The Deployments module lets you launch, monitor, and manage model endpoints for real‑time inference—all from a single dashboard.

Deployment Dashboard overview


Region

Purpose

Summary Cards

High‑level metrics:• Status ring with counts (Active, Pending, Failed, Inactive)• Active Deployments & Active Hours• Inference Tokens (Input/Output, to‑date)

Toolbar

Learn More link and + Create Deployment button. Launches the deployment wizard (see §3).

Deployments Table

Columns:• Deployment Name (click for summary)• Status badge• Model Type (Fine‑Tuned / Base Model)• Total Input Tokens / Output Tokens• Last Modified

Hover a row to reveal pause ▮▮, resume ▶︎, or delete 🗑 icons (availability depends on status).

Status badges & available actions

StatusMeaningAllowed Actions
Pending (yellowDeployment requested, provisioning underway.▮▮ Pause · 🗑 Delete
Active (green)Serving traffic.▮▮ Pause · 🗑 Delete
Inactive (grey)Paused; no inference traffic.▶︎ Start · 🗑 Delete
Failed (red)Error during start‑up or runtime.🗑 Delete

Hovering an action icon shows a tooltip (e.g., “Cannot Delete When Active”).

Creating a deployment (wizard)

Click + Create Deployment to open a four‑step wizard.

StepTaskNotes
Deployment DetailsName and describe the endpoint.Text fields (≤100 / 1,000 chars).
Select ModelChoose a checkpoint:• Fine‑Tuned Models tab lists your jobs.• Base Models tab surfaces curated open source and partner models.Card shows model name, size, timestamp, warnings (e.g., license).
HardwareSet Number of Instances (1–50) on compute hardware
Review and StartConfirm details, then Start Deployment.

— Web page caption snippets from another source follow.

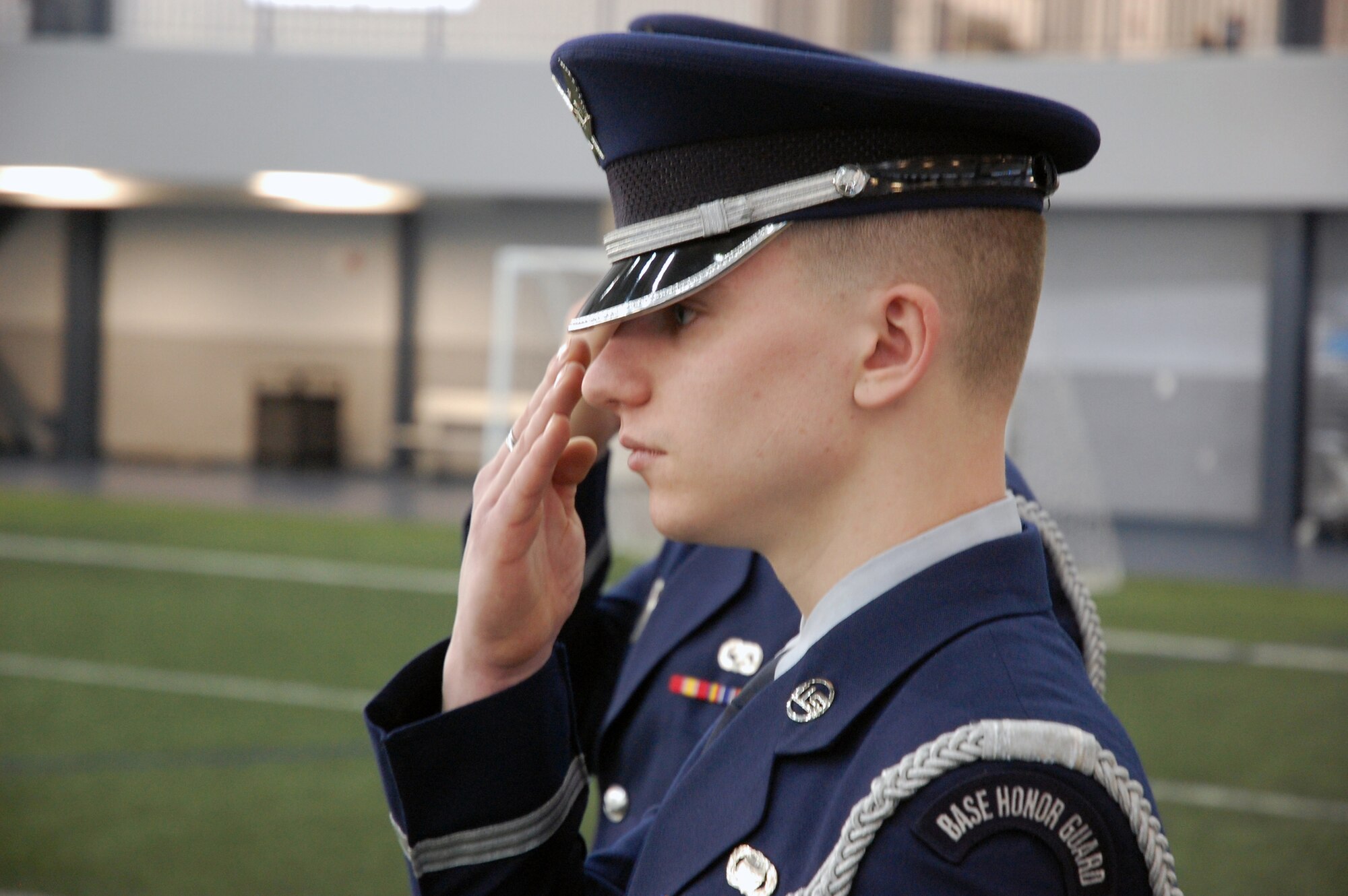 Airman 1st Class Nicholas Komor salutes as another honor guard member plays Taps at a mock funeral ceremony during the Eielson Air Force Base Honor Guard graduation Feb. 28, 2011. Airman Komor is assigned to the 354th Force Support Squadron. (U.S. Air Force photo/Tech. Sgt. Shad Eidson)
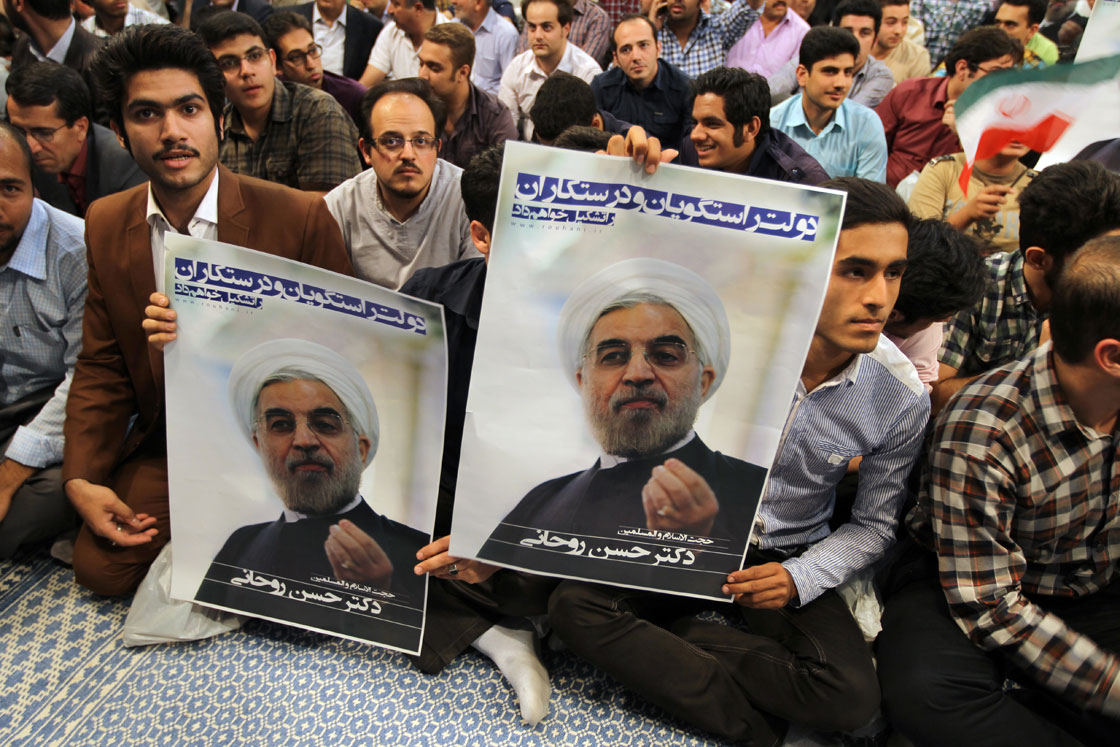 Iranian supporters hold a poster featuring Hassan Rowhani, a moderate Iranian presidential candidate and former top nuclear negotiator, during an election campaign at the Jamaran mosque in Tehran, on June 1, 2013. National elections take place on June 14. 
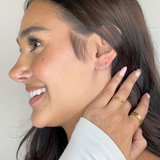 theia curly gold silver huggie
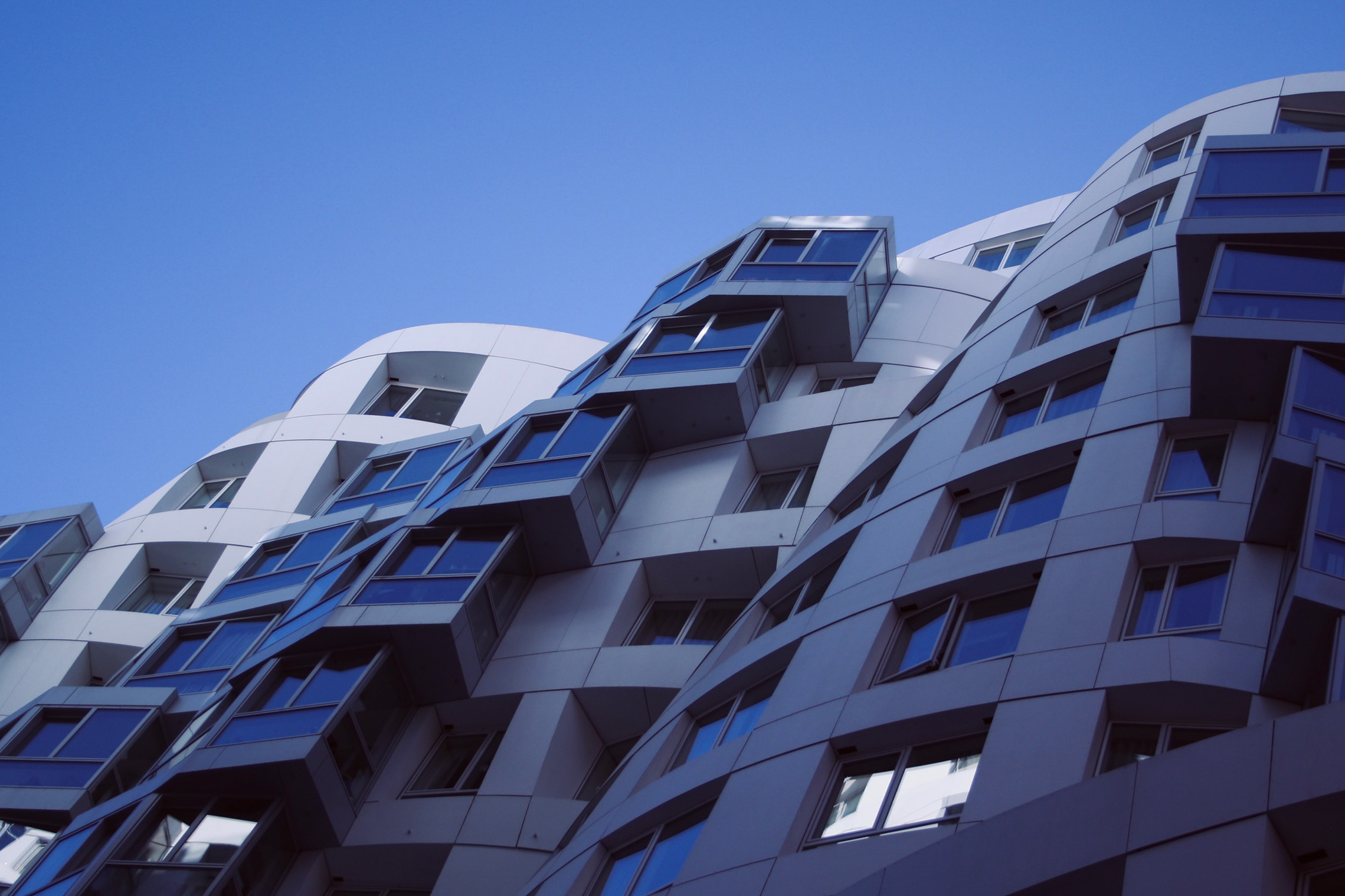Curved glass balcony building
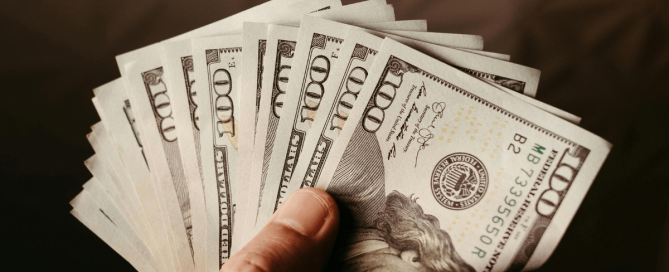 Person holding thousands of dollars in HVAC savings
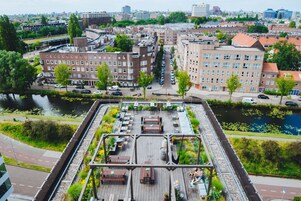 Un jardin sur le toit, agrémenté de bancs et de tables en bois, entouré d’immeubles et bordé par une rivière.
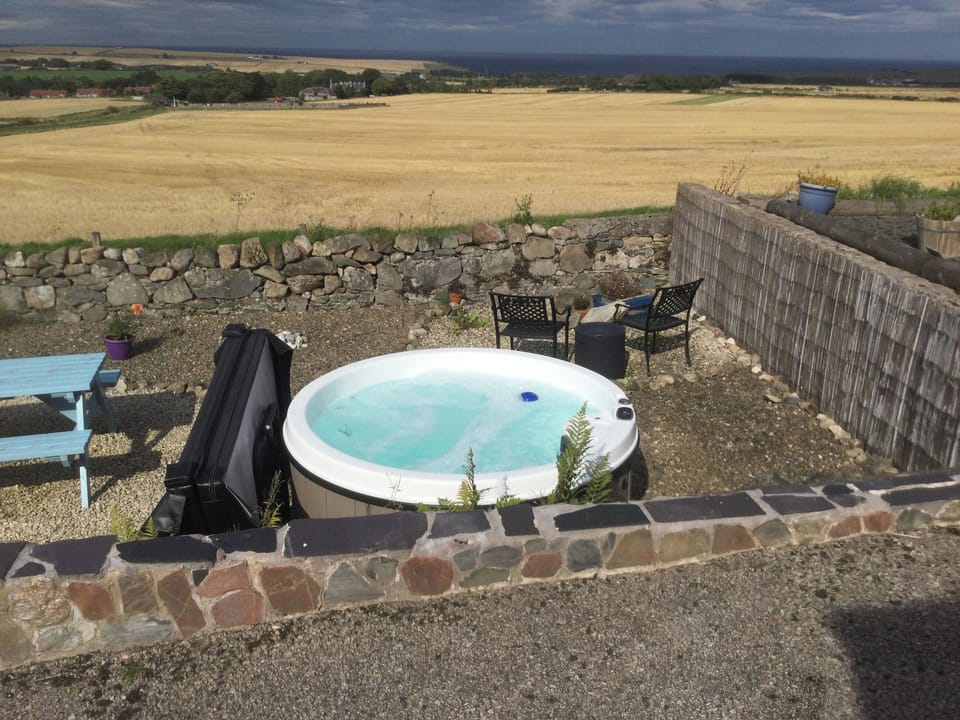 Hot tub with uninterrupted panoramic views towards the coast | The Brae Steading, Fordyce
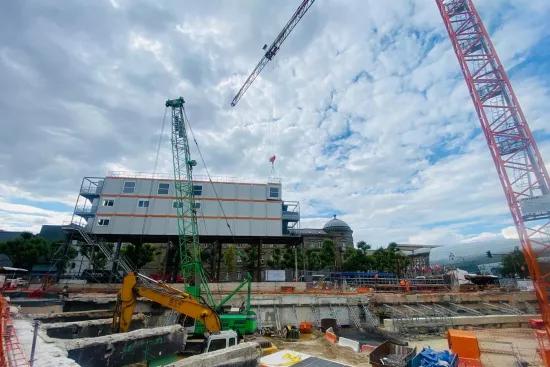 Bâtiment modulaire ALGECO® sur pilotis installé au-dessus d’un chantier urbain avec grues et engins de terrassement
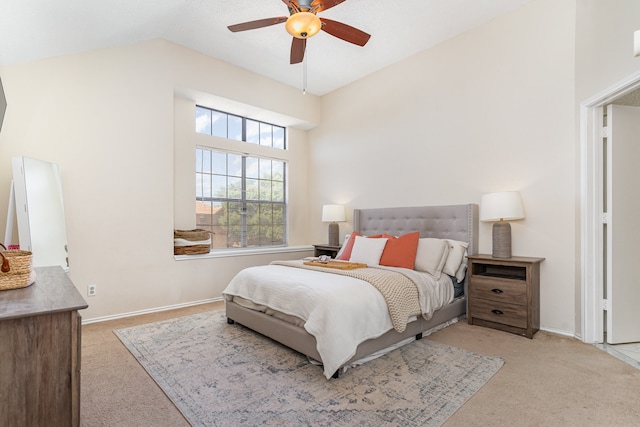 carpeted bedroom featuring lofted ceiling and ceiling fan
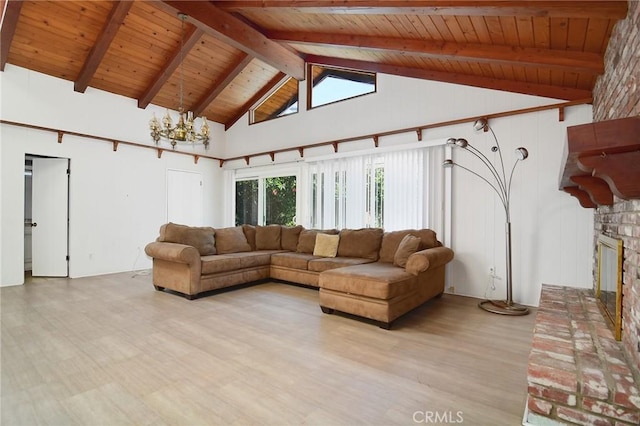 5655 Wish Ave, Encino, CA 91316 - living room with wood ceiling with exposed beams, light wood finished floors, a chandelier, a fireplace, and high vaulted ceiling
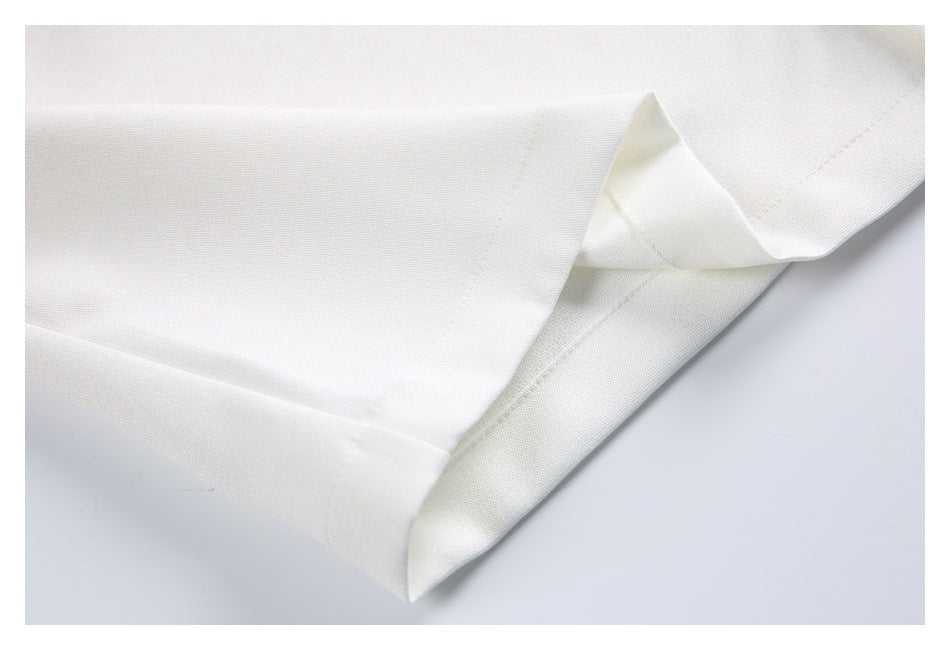Close-up of a white garment edge folded to show its seam and hem.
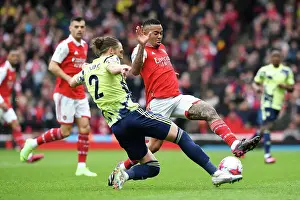 Arsenal vs Leeds United: Gabriel Jesus Tussles with Luke Ayling in Premier League Showdown (2022-23)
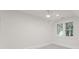 Bright bedroom featuring neutral carpeting, and a modern ceiling fan at 2809 Glendale Rd, Charlotte, NC 28209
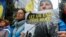 People attend a protest against the ongoing Russian full-scale invasion of Ukraine on the day of a European Union leaders summit in Brussels on October 26.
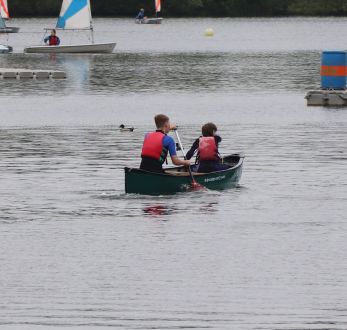 Two boys facing away paddling a green canoe on Stanborough Lake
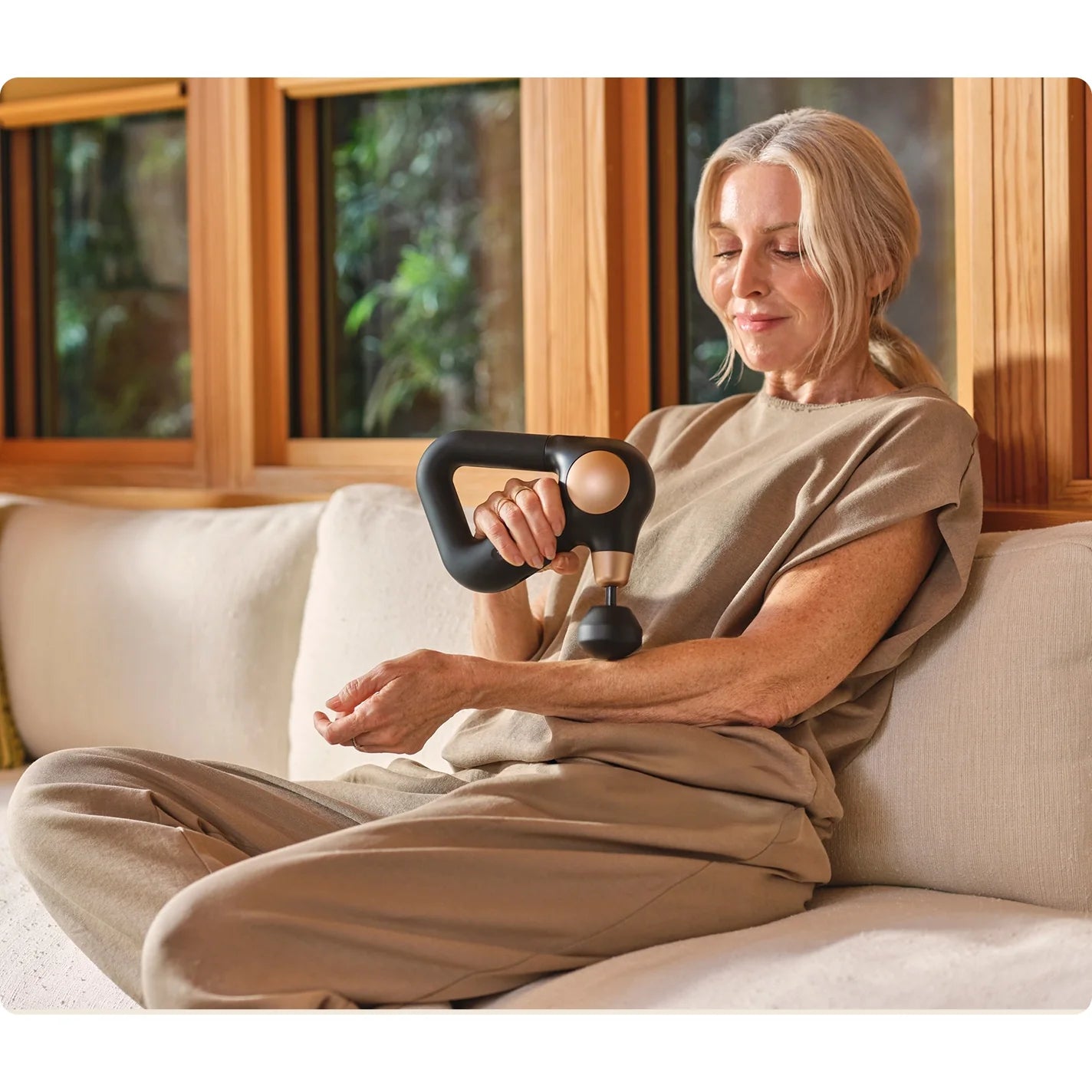 Theragun Sense G2 — smart quiet percussive therapy device by Therabody — product view 3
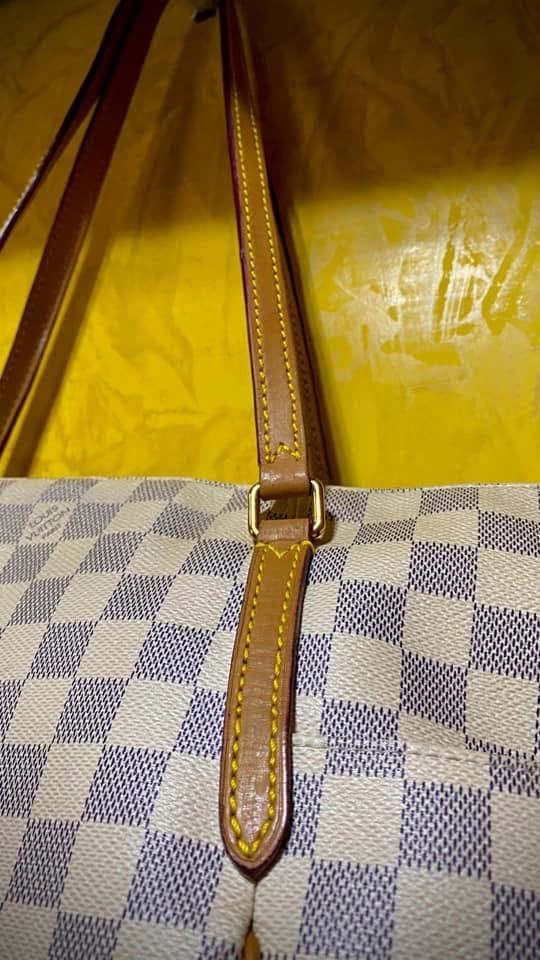 Correa marrón de cuero con una hebilla sobre un bolso de cuadros amarillos y azules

A success screen (“Your model is deploying 🚀”) closes the wizard; the new row appears with Pending status.

Deployment Summary page

Click any Deployment Name to open its summary.

  • Deployment Details – Name ✏️, ID, Model Type, Status, timestamps, editable description.
  • Integrating Deployment for Inference – Quickstart Guide link to SDK examples.
  • Data Sources & Training Prompt – Pulled from originating fine‑tuning job (traceability).
  • Model, Hardware, Hyperparameters – Exactly what’s running.
  • Fine‑Tuning Job Details – Click to cross‑navigate back.
  • Agent Details (if linked) – Shows agents referencing this deployment with their own statuses.
  • Event Timeline – Right‑hand feed of deployment lifecycle events.
  • Pause button (top right) – Instantly stops traffic without deleting the endpoint.